Work instruction
What is needed is an exact transcription of the listing, with the images removed.

Material supplied
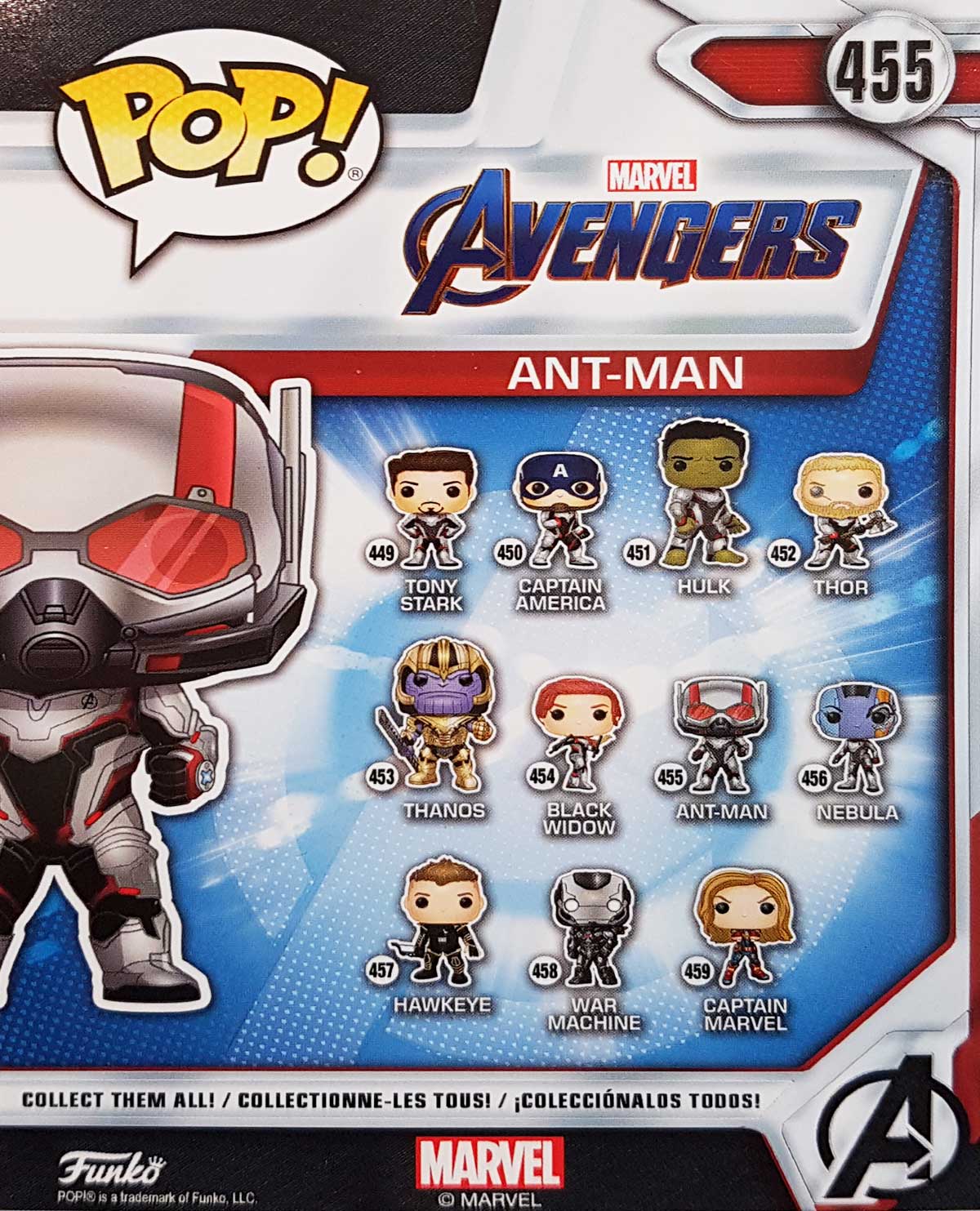 FIGURA POP AVENGERS ENDGAME ANT MAN - Image 3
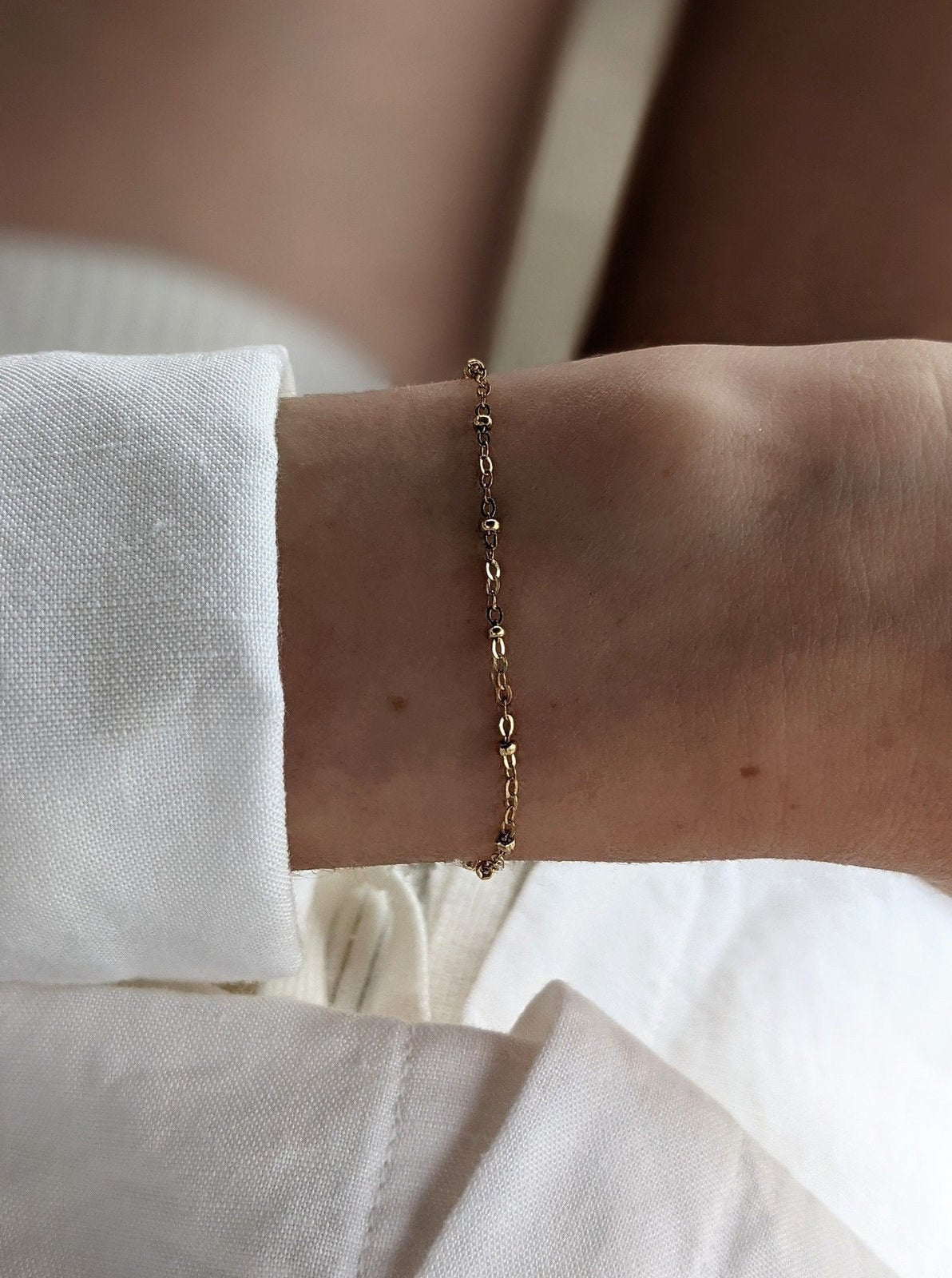 Satellite Chain Bracelet Layer the Love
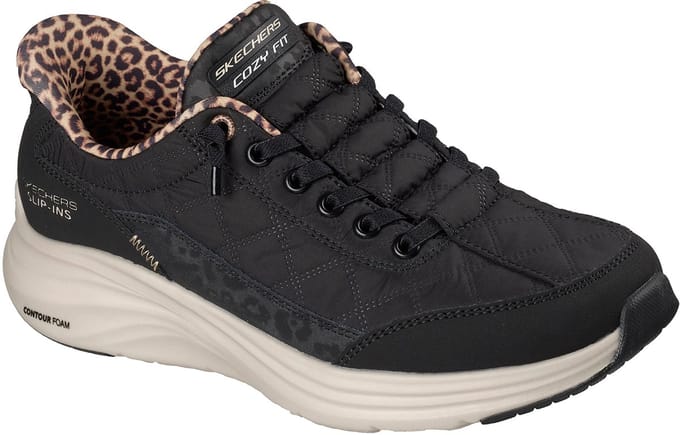 Skechers CONTOUR FOAM-LEOPARD DREAM Dames Instappers - Multi / Zwart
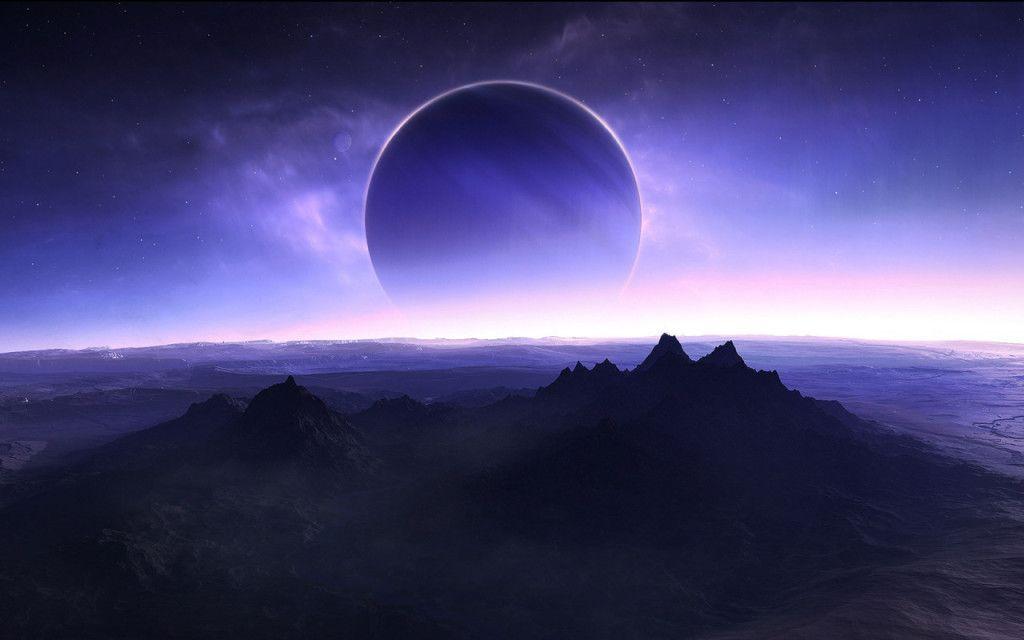 Purple Lunar Eclipse Wallpapers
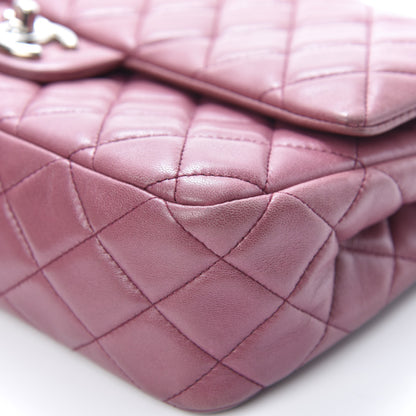 Chanel Lambskin Quilted Medium Double Flap Pink 10 of 15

Answer section
 FIGURA POP AVENGERS ENDGAME ANT MAN - Image 3
 Satellite Chain Bracelet Layer the Love
 Skechers CONTOUR FOAM-LEOPARD DREAM Dames Instappers - Multi / Zwart
 Purple Lunar Eclipse Wallpapers
 Chanel Lambskin Quilted Medium Double Flap Pink 10 of 15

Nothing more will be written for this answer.